"Nunca quis ser personagem, mas praticar jornalismo sério na TV", diz repórter trans
Mellyssa Almeida faz história e dá voz à comunidade LGBTQIA+ na TV Ponta Negra, afiliada do SBT no Rio Grande do Norte
Mellyssa Almeida da Silva celebra a recepção positiva como repórter trans na TV Ponta Negra, afiliada do SBT no Rio Grande do Norte, e almeja combater estereótipos na mídia.
"O mundo ainda é preconceituoso, por isso eu não esperava uma recepetividade tão bonita das pessoas. Estou muito feliz e me sinto orgulhosa em mostrar a diversidade na comunicação potiguar", celebra a repórter Mellyssa Almeida da Silva, de 31 anos. Mulher trans, Mell tem quebrado barreiras ao se destacar numa mídia em que a diversidade - sobretudo em se tratando de pessoas transgênero - ainda engantinha: o jornalismo televisivo.
Desde junho, Mell é repórter do "Jornal do Dia", exibido pela TV Ponta Negra, afiliada do SBT no Rio Grande do Norte. Ela já tinha uma passagem pela TV Futuro, afiada da TV Cultura no estado, onde participou de alguns programas e cobriu o famoso Carnatal. Após um hiato de quatro meses, recebeu o convite para trabalhar como produtora na Ponta Negra.
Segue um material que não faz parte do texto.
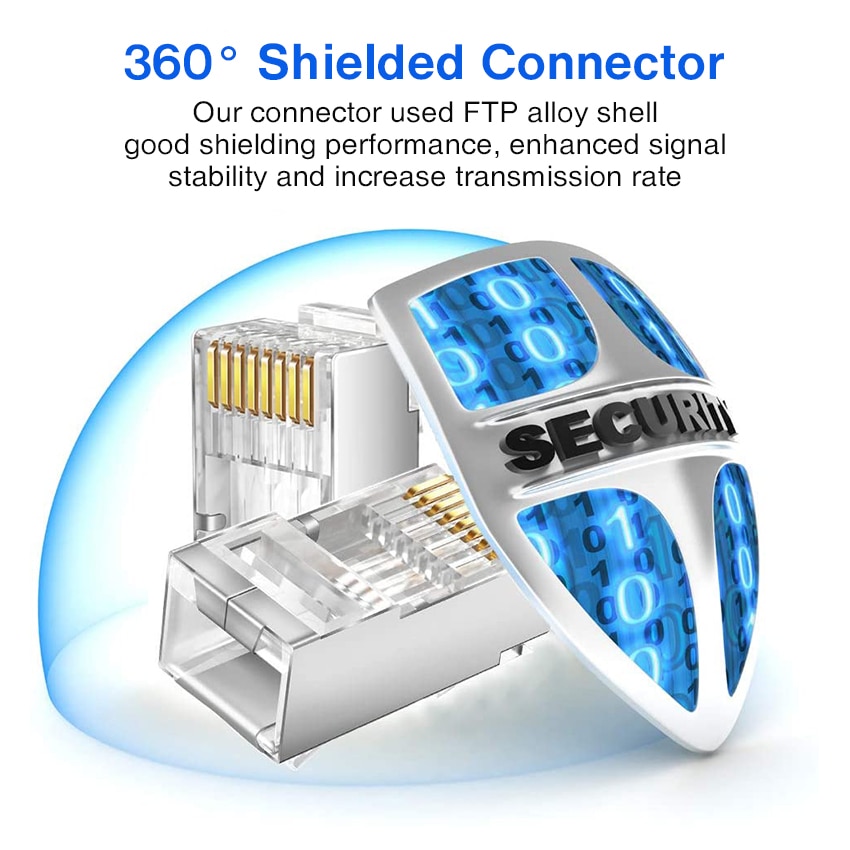 AMPCOM CAT5e Shielded RJ45 Modular Plug Connector 8P8C Crimp End Ethernet Cable Ethernet Connector Gold-Plated 50U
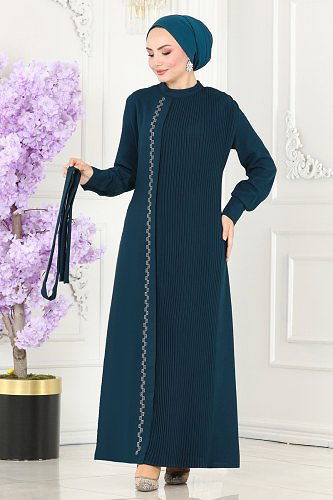 moda selvim Dress 5187AL357 Petroleum - Thumbnail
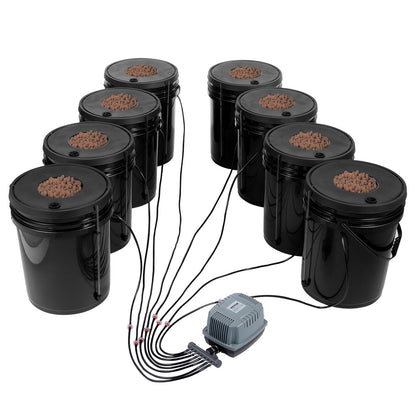 DWC Hydroponics Grow System Deep Water Culture 8 Eimer mit Luftpumpe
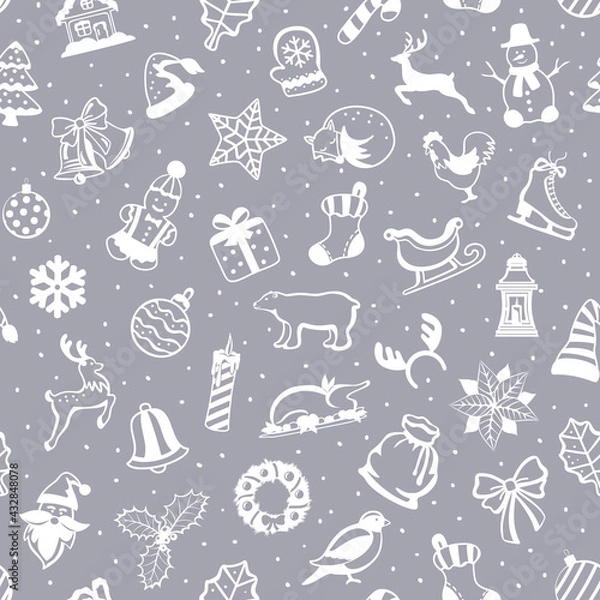 Fototapeta Merry Christmas and Happy New Year seasonal winter Seamless Pattern Texture with decoration items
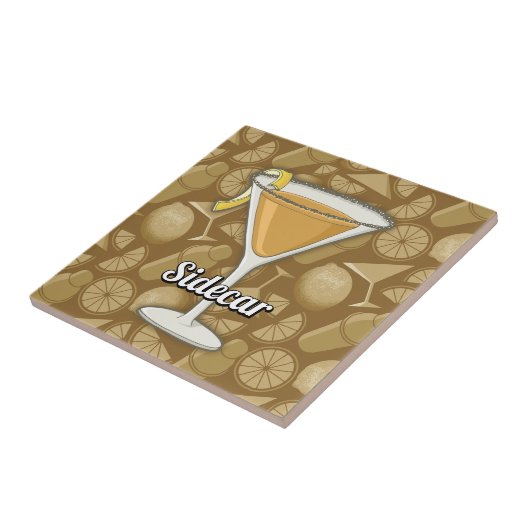 Sidecar-cocktail Tegeltje (Zijkant)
A estreia diante das câmeras aconteceu no Carnaval desse ano, extraoficialmente. O desempenho de Mell agradou os telespectadores e os executivos da casa, que a escalaram para as reportagens. Ela cobre os mais diversos assuntos em sua rotina profissional, mas admite que os temas que fazem seus olhos brilharem envolvem questõs da comunidade.
"Gosto de fazer matérias sobre denúncias de buracos ou falta de iluminação em bairros, por exemplo, porque vou até lá como uma forma de ajudar as pessoas que já fizeram de tudo para resolver os problemas. Isso gera empatia e conexão com quem precisa de mim naquele momento", conta.
Para Mell Almeida, o jornalismo ainda é um pouco conservador. Por essa razão, ficou surpresa ao ver como sua contratação repercutiu positivamente e virou notícia não só no RN, mas em diversas partes do Brasil.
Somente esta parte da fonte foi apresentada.